В общем, до поры до времени версия бегства любовников была основной. А потом следователи потеряли след. Винка и Алексис Клеман не завтракали ни у себя в номере, ни в ресторане гостиницы. Уборщица видела, как они рано утром вышли в коридор, а когда они покинули гостиницу, ни она, ни кто другой точно припомнить не могли. В ванной комнате номера был обнаружен дамский несессер с кое-какой косметикой, щеткой для волос «Мейсон Пирсон» и флакончиком духов – все это было передано в камеру хранения при гостинице, где держали вещи, забытые постояльцами.
А дальше следствие застопорилось. Ни одного правдоподобного свидетельства, что Винку с Клеманом видели в каком-нибудь другом месте, так и не поступило. Многие тогда думали, что любовники сами объявятся, когда их страсть поутихнет. Однако адвокаты Аластера Рокуэлла не сдавались. В 1994 году они добились, чтобы органы правосудия распорядились провести генетический анализ проб, взятых с зубной щетки и щетки для волос, которые были найдены в гостиничном номере. Результаты анализа подтвердили, что содержащаяся в пробах ДНК принадлежит Винке, однако, несмотря на это, расследование не продвинулось ни на йоту. Возможно, какой-нибудь настырный или одержимый полицейский потом снова дал ход этому делу – чисто символически, чтобы его, случаем, не закрыли за истечением срока давности, но, насколько мне было известно, дознание на том и закончилось.
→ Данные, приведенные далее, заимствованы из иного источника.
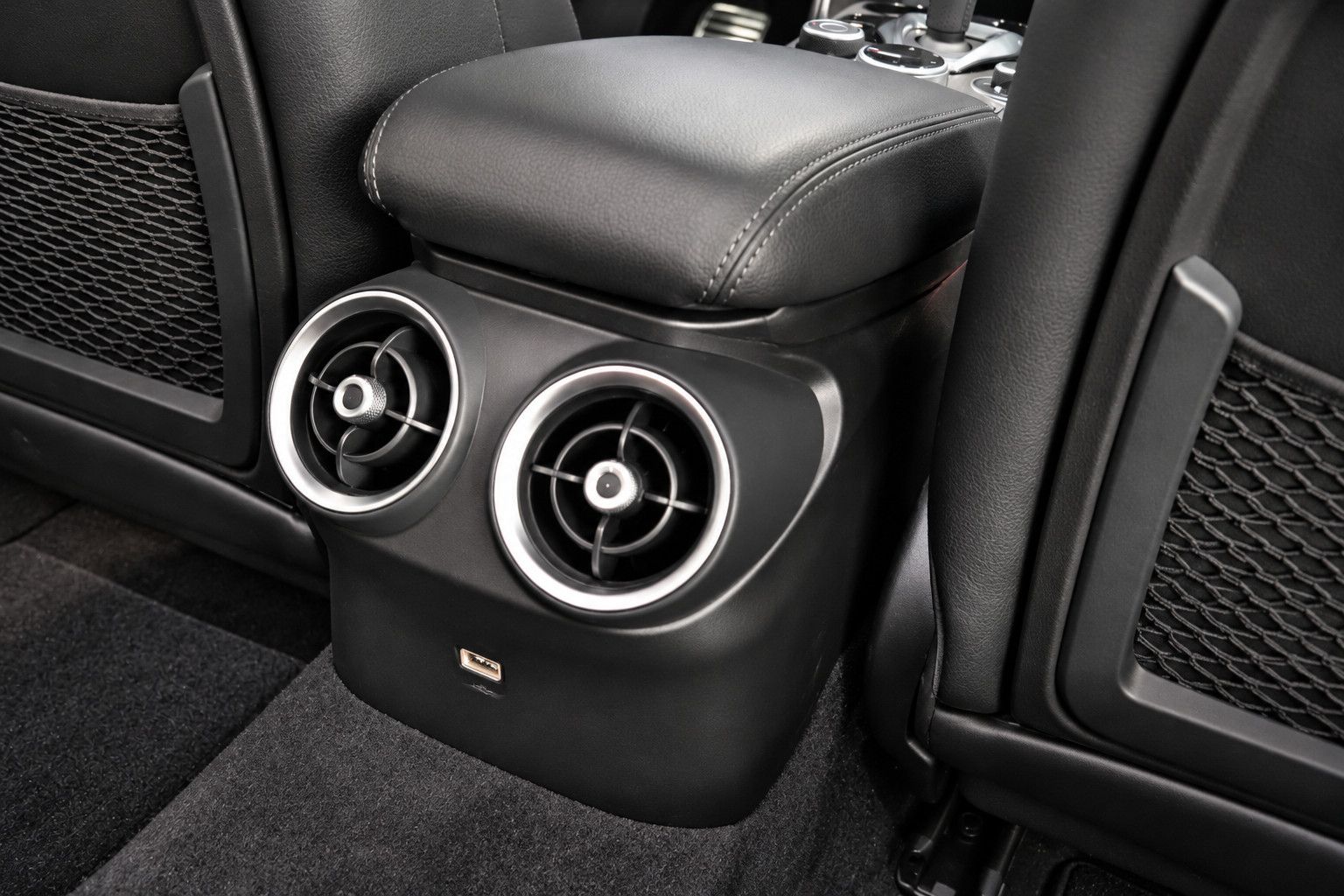Fahrzeugabbildung Alfa Romeo Giulia Ti Q4/MEMORY/ACC/NAVI/KAMERA/LEDER/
Аластер Рокуэлл тяжело заболел и умер в 2002 году. Помнится, я встречался с ним за несколько недель до 11 сентября 2001 года на пятидесятом этаже Всемирного торгового центра, где размещались нью-йоркские конторы его предприятия. Он признался, что Винка много рассказывала про меня: она говорила, что я славный, порядочный и чуткий. В устах старика эти три эпитета звучали вовсе не как комплименты. Меня так и подмывало возразить, что я настолько порядочный, что отдубасил железным прутом малого, который был выше меня на целую голову, но, понятно, ничего такого я не сказал. А встречался я с ним тогда для того, чтобы узнать, не откопал ли нанятый им детектив что-нибудь новенькое по делу об исчезновении его внучки. В ответ он только покачал головой, и я так и не понял, правда это или нет.
Шло время. И через несколько лет судьба Винки Рокуэлл, по правде говоря, уже никого не волновала. Пожалуй, я был одним из немногих, кто все помнил, потому что я знал: официальная версия не имеет ничего общего с правдой. А еще потому, что с тех пор меня мучили одни и те же вопросы. Каким образом бегство Винки было связано с убийством Алексиса Клемана? И неужели именно я был виноват в том, что девушка, которую я так любил, исчезла без следа? Я пытался разгадать эту тайну вот уже больше двадцати лет. Но к разгадке так и не приблизился.